- **WHAT YOU HAVE TO DO**:
Required from the data below: the exact lines starting at the line containing "The key here" and ending at the line containing "Hello guys, welcome", with both ends kept and all pictures dropped.

(Saved data entries)
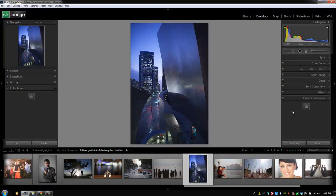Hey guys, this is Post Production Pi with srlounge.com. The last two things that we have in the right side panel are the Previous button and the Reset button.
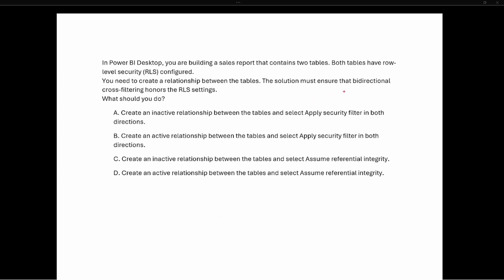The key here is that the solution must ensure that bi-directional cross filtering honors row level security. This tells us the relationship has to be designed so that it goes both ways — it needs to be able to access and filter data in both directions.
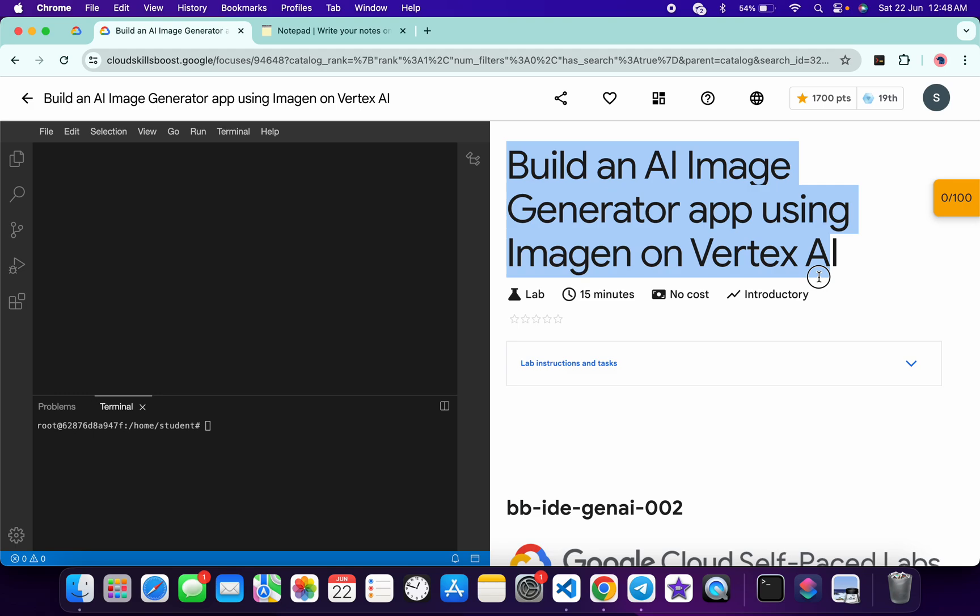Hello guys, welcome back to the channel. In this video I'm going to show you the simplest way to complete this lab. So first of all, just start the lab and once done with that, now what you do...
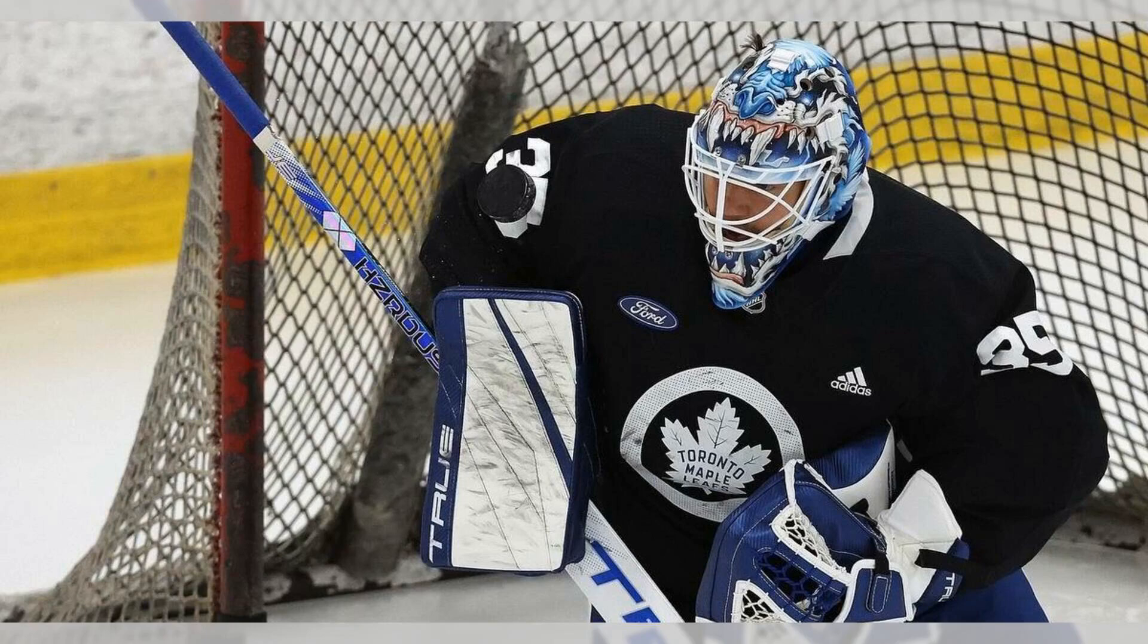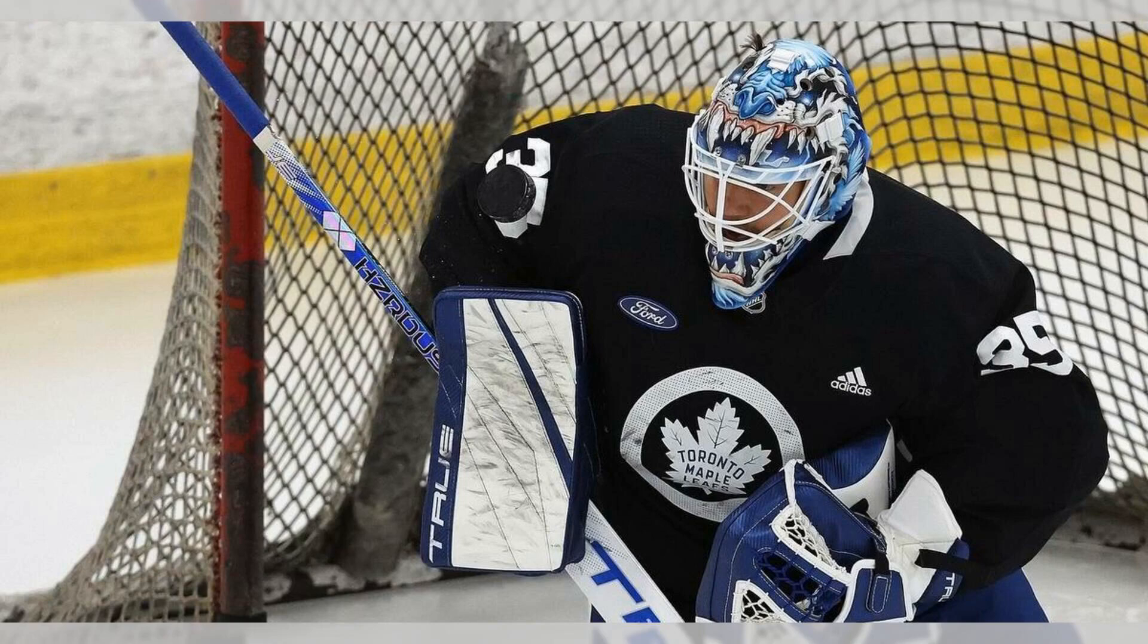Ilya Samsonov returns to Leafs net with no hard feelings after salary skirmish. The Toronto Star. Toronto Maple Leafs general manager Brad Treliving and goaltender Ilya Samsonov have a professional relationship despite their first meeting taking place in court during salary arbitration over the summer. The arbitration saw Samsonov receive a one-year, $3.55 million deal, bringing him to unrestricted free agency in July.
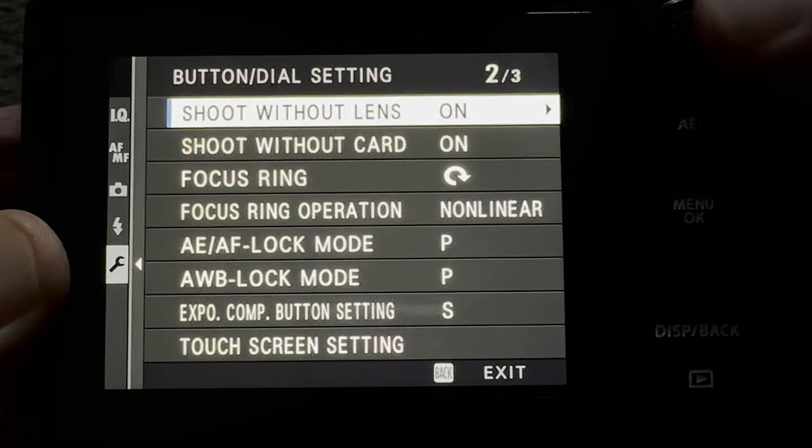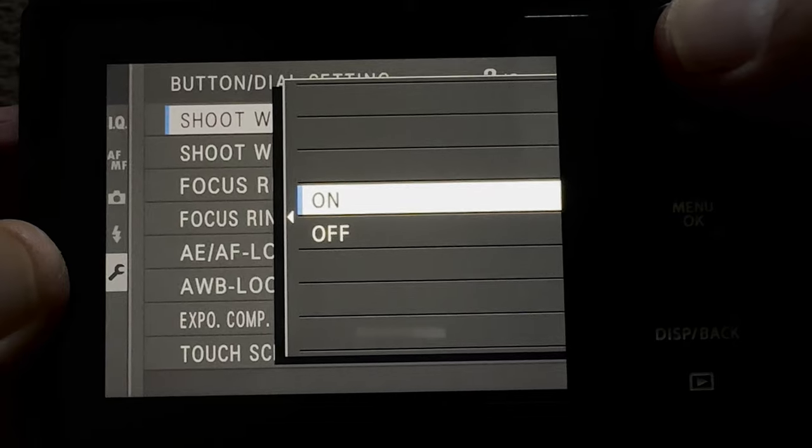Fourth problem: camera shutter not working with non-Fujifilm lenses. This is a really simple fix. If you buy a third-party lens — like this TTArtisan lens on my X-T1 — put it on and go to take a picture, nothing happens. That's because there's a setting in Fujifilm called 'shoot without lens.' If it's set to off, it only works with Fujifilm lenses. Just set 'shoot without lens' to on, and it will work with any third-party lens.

- **EXERCISE OUTPUT**:
The key here is that the solution must ensure that bi-directional cross filtering honors row level security. This tells us the relationship has to be designed so that it goes both ways — it needs to be able to access and filter data in both directions.
Hello guys, welcome back to the channel. In this video I'm going to show you the simplest way to complete this lab. So first of all, just start the lab and once done with that, now what you do...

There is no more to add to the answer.